Documentation of the objects in Bordowa mini museum:
It is a matter of utter surprise that a proper documentation system is not followed by the authority. The museum houses the most valuable treasure related to the Assamese Vaishnava community and which is indeed a mirror to the roots of the Vaishnava culture and related practices and a clear evidence of the presence of the great saint Sri Sankardeva whose path is still being followed in Assam.
Fig:Documentation of the objects in Bordowa mini museum
The museum keeps a record of the incoming objects as well those put on display in a single leaf handwritten white paper.
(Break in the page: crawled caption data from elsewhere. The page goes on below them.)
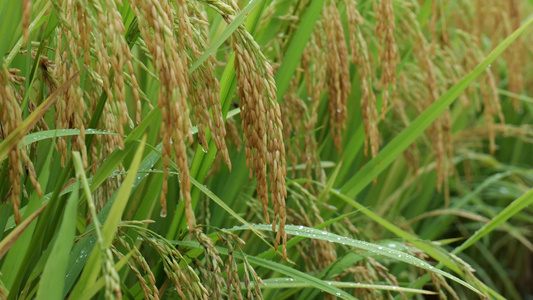 成熟的稻穗水稻特写雨露水珠田野视频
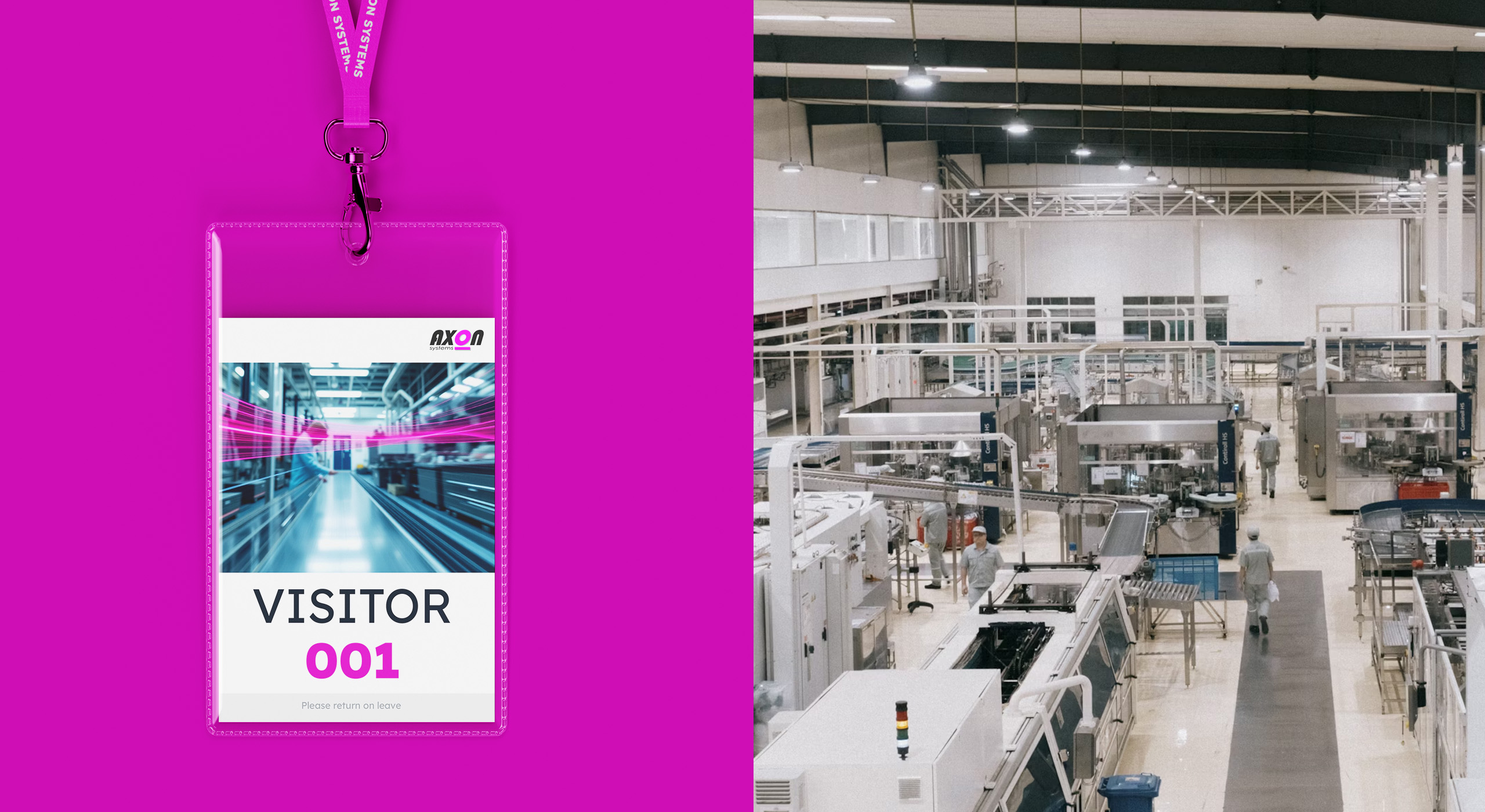 Solution: Complete Website Redesign & Development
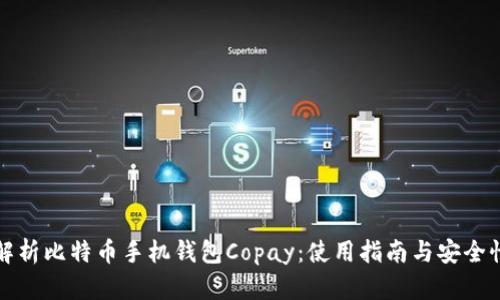 全面解析比特币手机钱包Copay：使用指南与安全性分析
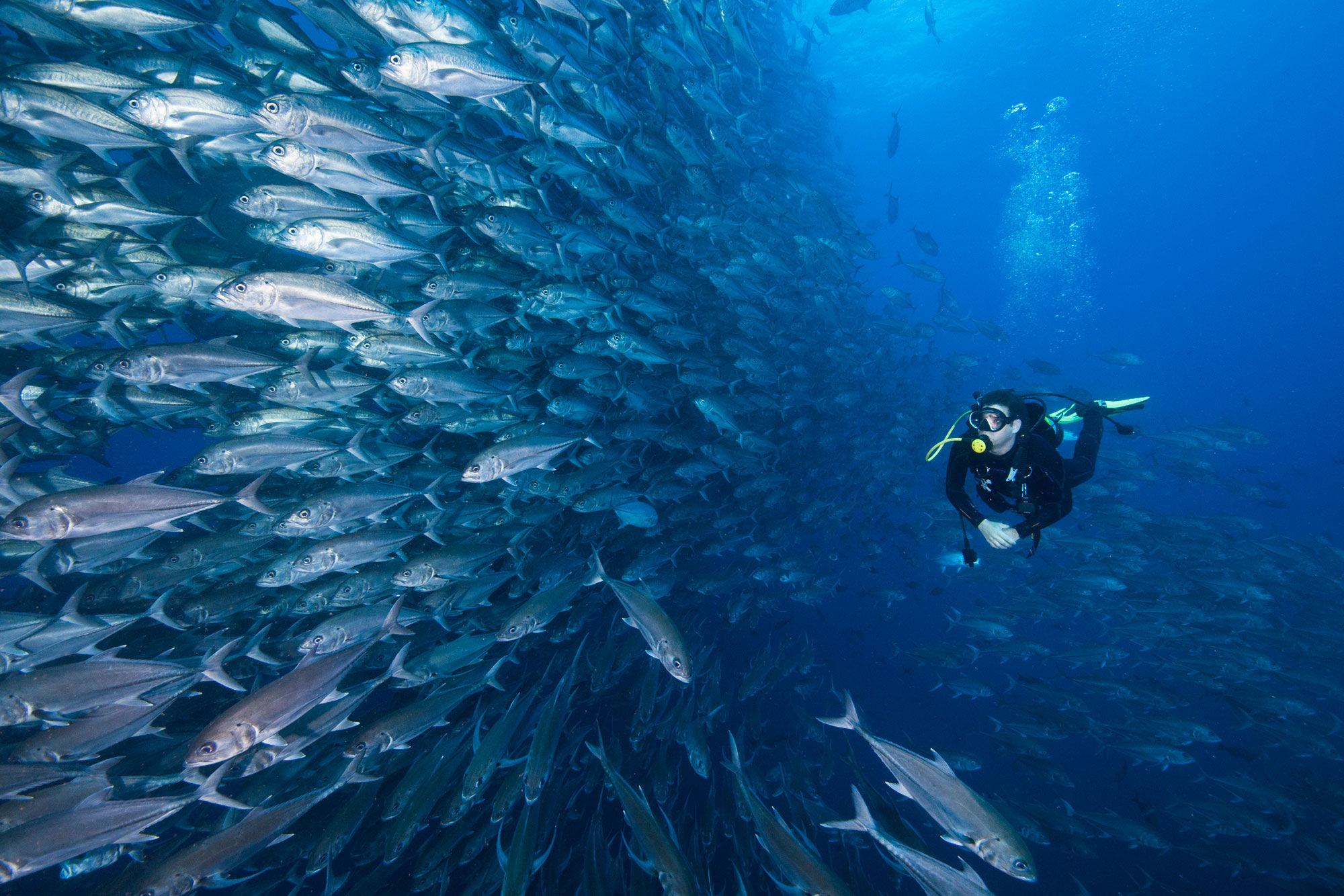 Marine Life - Galaxy Orion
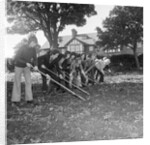 Douglas High School garden nursery by Manx Press Pictures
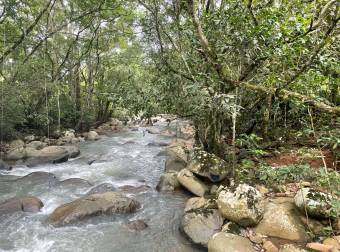 Caddle farm for sale, 21,7 hectares of pasture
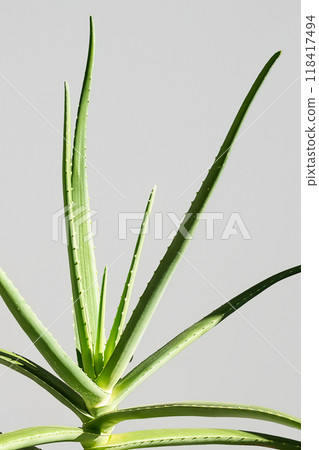 Aloe vera plant against light grey background. 118417494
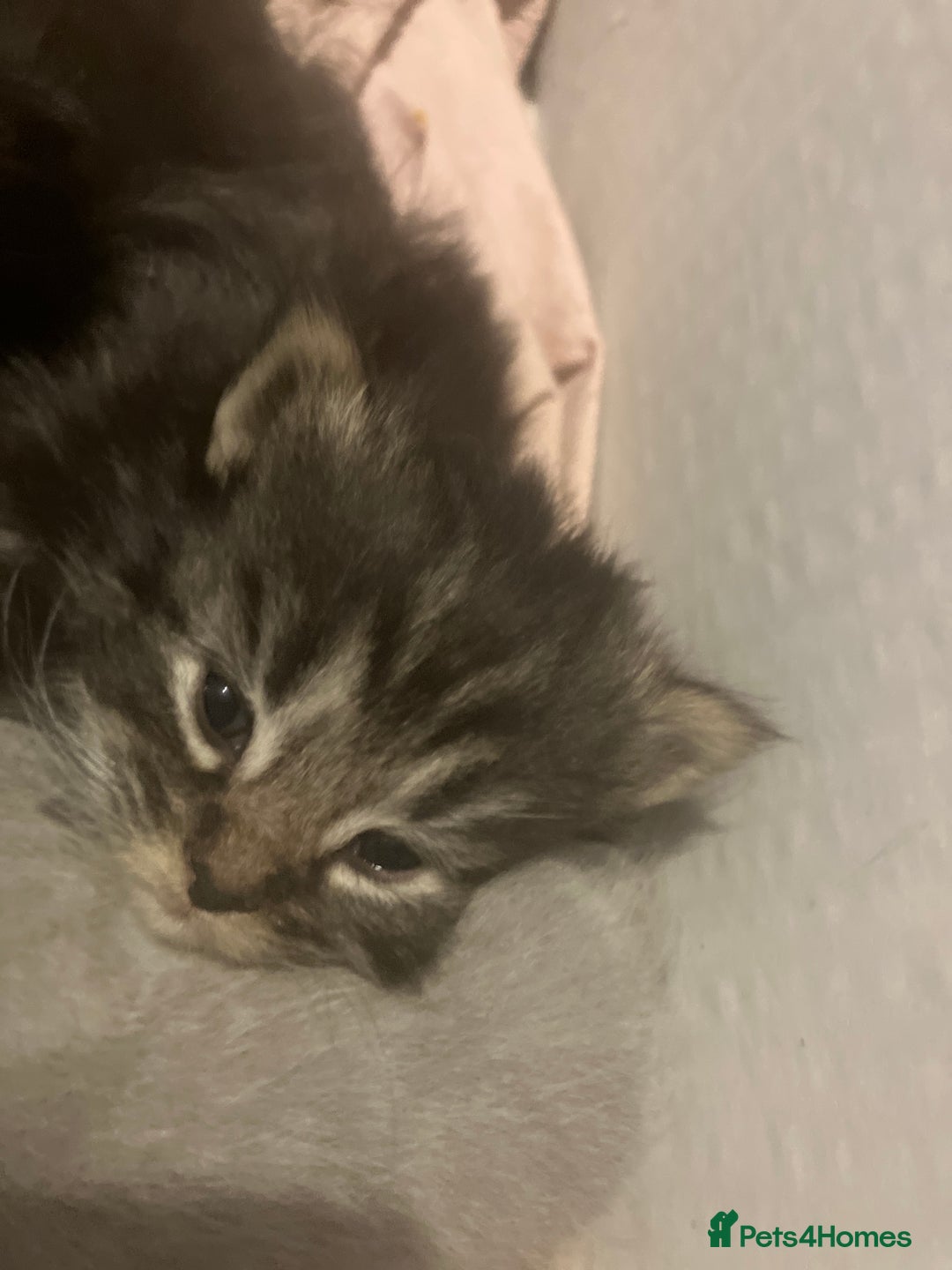 Mixed Breed cats for sale: Half british short hair kittens for reserve - Advert 4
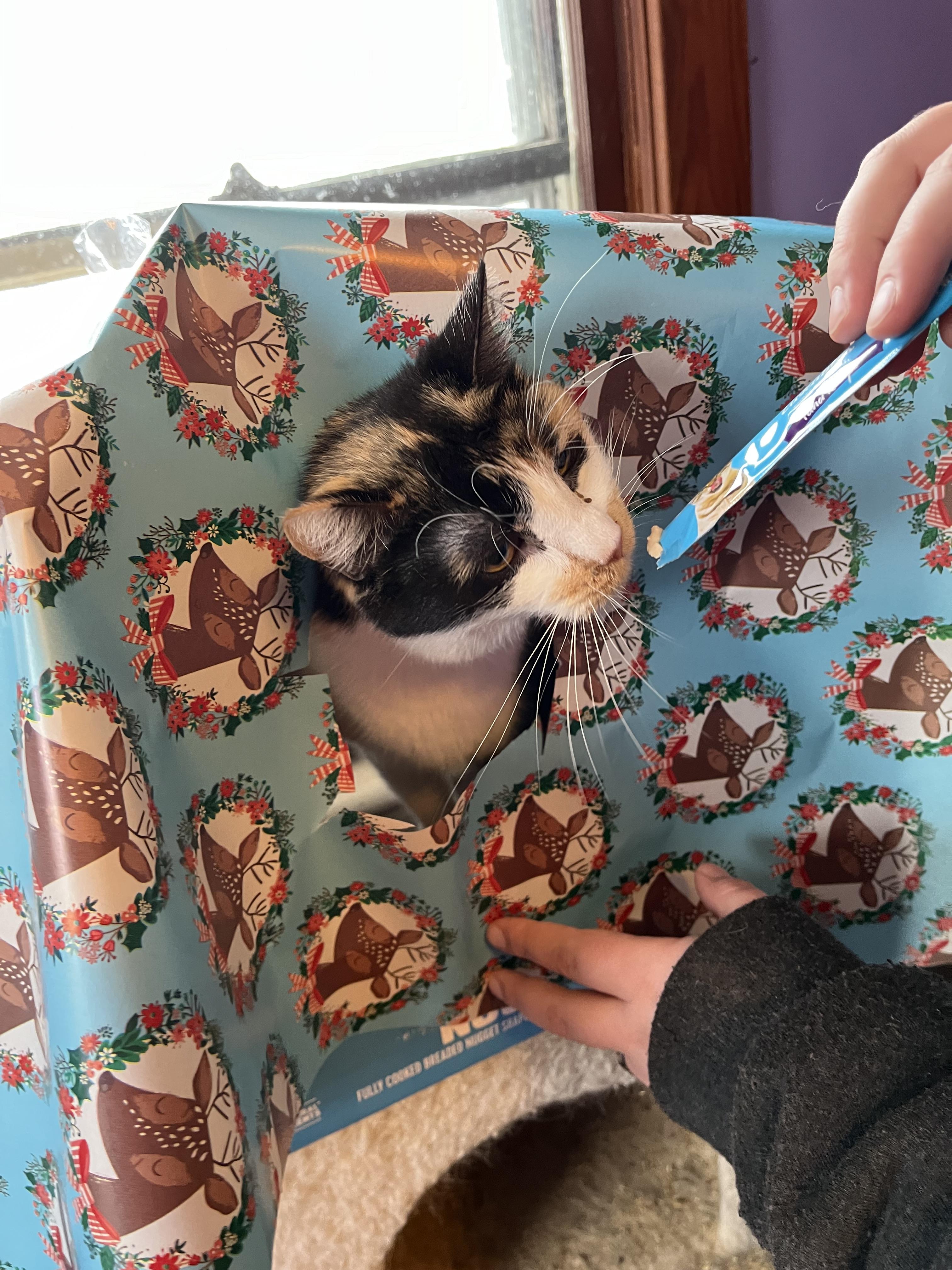 Mandy, a Adoptable Domestic Short Hair in Olean , NY image 1/6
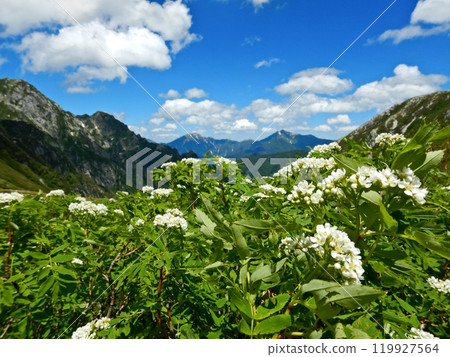 Summer Tsurugisawa: Blooming Rowan flowers Summer Tsurugisawa: Blooming Rowan flowers 119927564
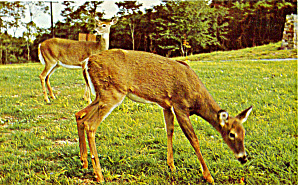 Deer Grazing West Virginia Postcard p28507 (Image1)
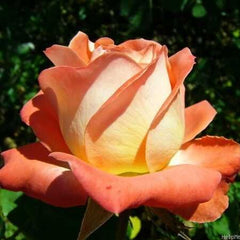 Konigin Der Rosen Rose Seedlings Flower Seeds Perennial Growing Bonsai Corms Tubers Potted Planting Reblooming Fragrant Garden Roots Rhizomes Species Blooms Plant Bulbs Gardening Tree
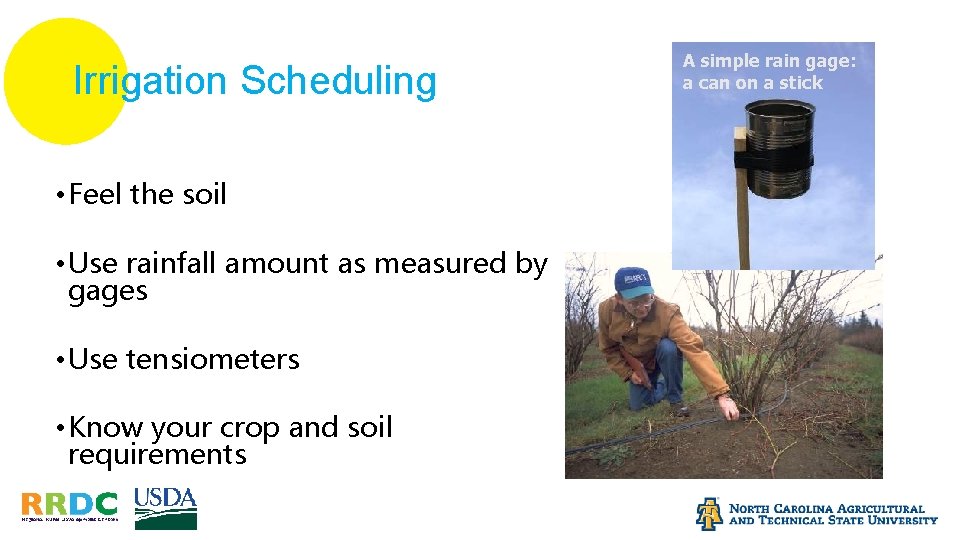 Irrigation Scheduling • Feel the soil • Use rainfall amount as measured by gages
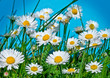 canvas print picture Gänseblümchen 4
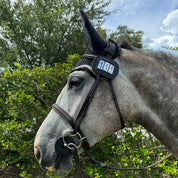 View of the Pro4mance 3 Digit Number ID attached to the bridle on a gray horse while standing outside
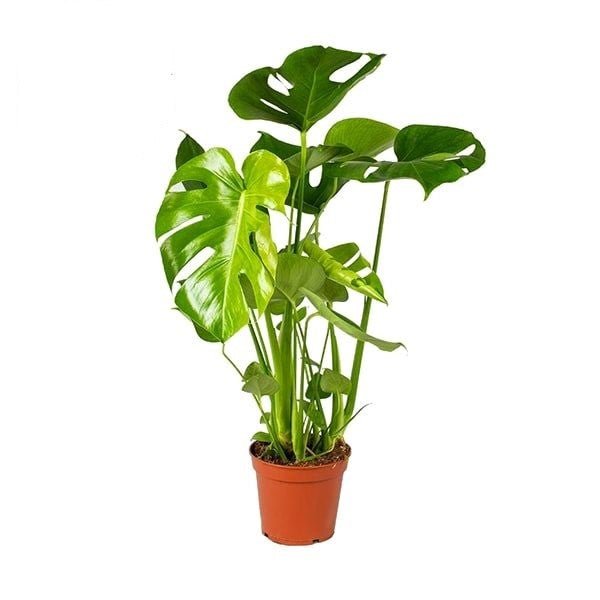 healthy monstera leaves Monstera Deliciosa Large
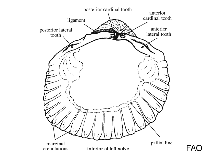 Image of Parvicardium scabrum 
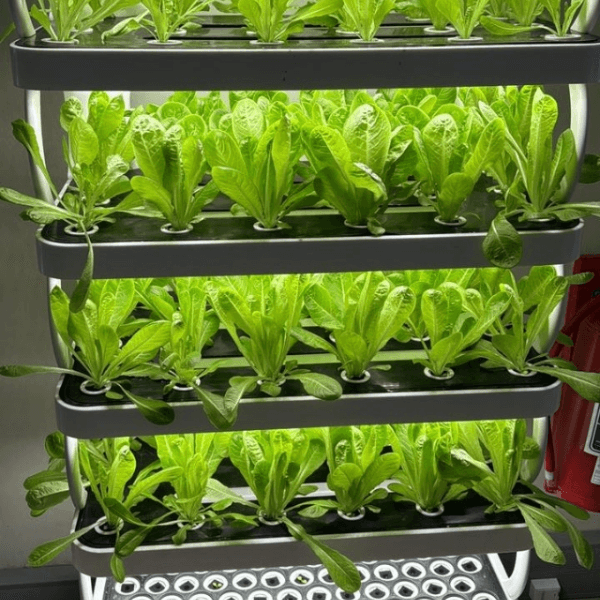 Fresh and healthy vegetables growing in a vertical hydroponic tower system.
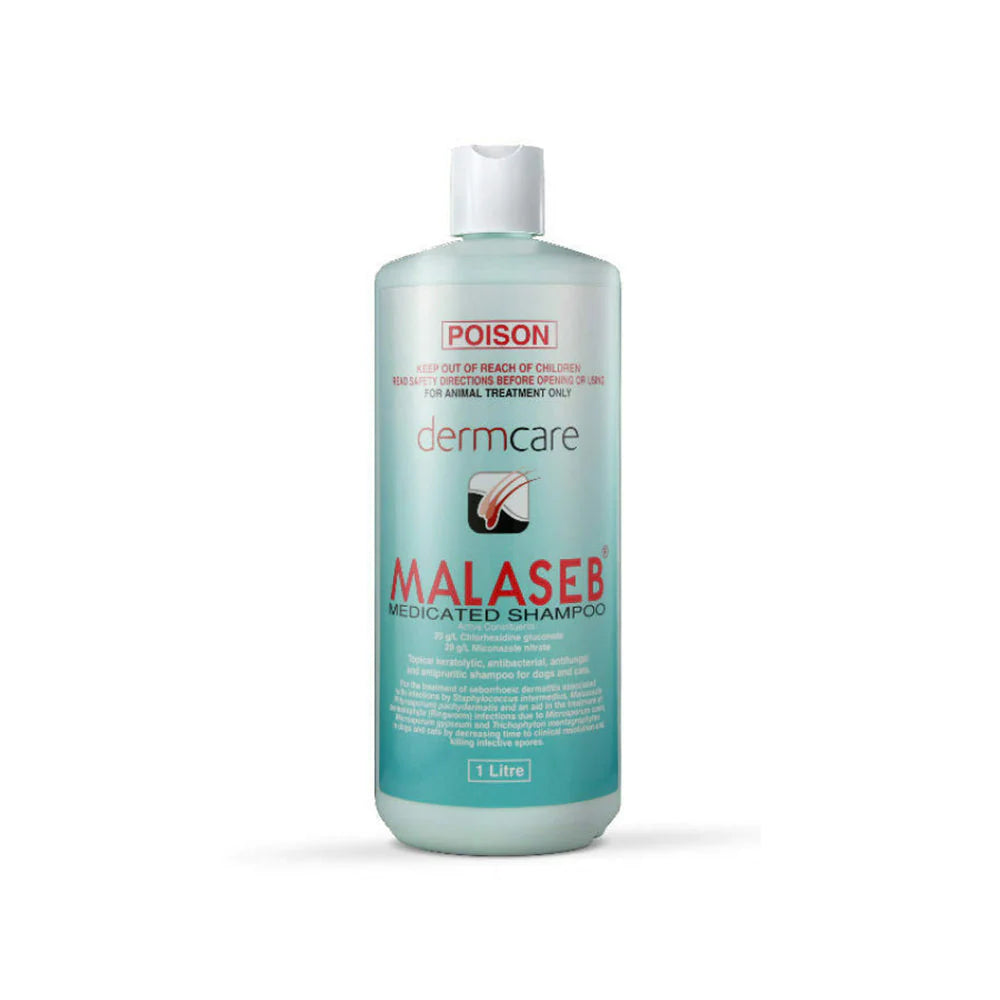 Dermcare Malaseb Medicated Shampoo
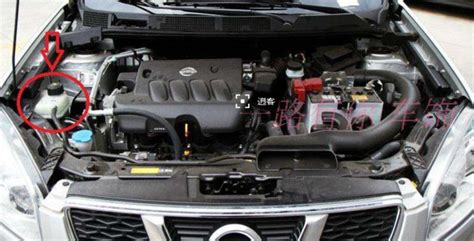 汽車水箱更換多少錢(汽車水箱換一個多少錢)縮略圖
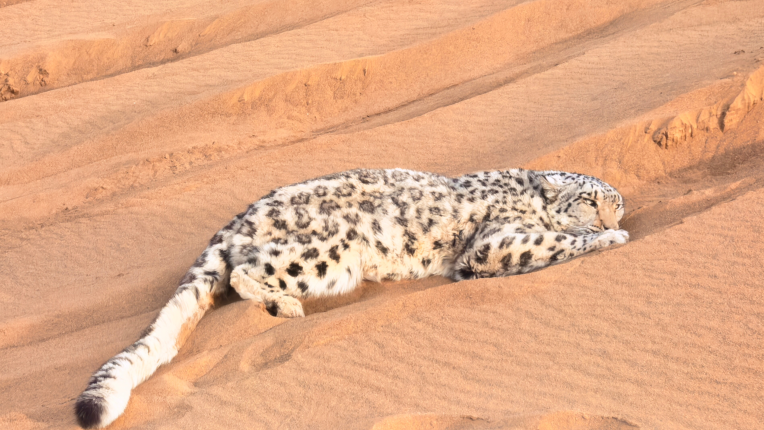 极为罕见！一雪豹现身新疆沙漠，当地回应
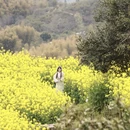 黄山旅游 缩略图 5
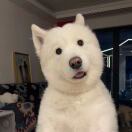 哈哈哈还好还好_o5fY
No Registers (general accession register, classified accession register) is maintained for the objects in the museum premises. Though the authority claims to have one register for the objects but they failed to produce the same within a time period of 30 days. Only the name and the size of the objects are mentioned in the record paper. The objects are not given any accession number or identity number neither any details about the object is written on the record paper.
4.3 Display of the objects:
The objects are very poorly displayed. There are no written panels to communicate with the group of objects.
The objects are displayed in 3 corridors and 2 halls. Most of the objects are made of wood. The wooden panels are seen nailed to the walls or hunged to the support of the nails. There is proper lighting system or ventilation in the halls and the corridors. The walls are not painted which leaves a very dull and bad picture of the antiquities on display. The objects displayed in the showcases are not put in the height of the viewers eyelevel. Most of the objects are congestedly displayed by hanging them to the walls.
Display of objects in showcases Display in the corridor
4.4 Labelling and signage:
Signage for direction are placed inside the galleries and near the corridors. Captions are given to almost all the objects but the placement of the captions is another poor story of the museum display. The letters written in the captions are not clear enough to read. Some of the captions are placed at the bottom of the objects, while some are just placed atop the objects. Some of the captions only read the name of the object or the depiction of the object. Much information is not available in the captions placed along with the objects.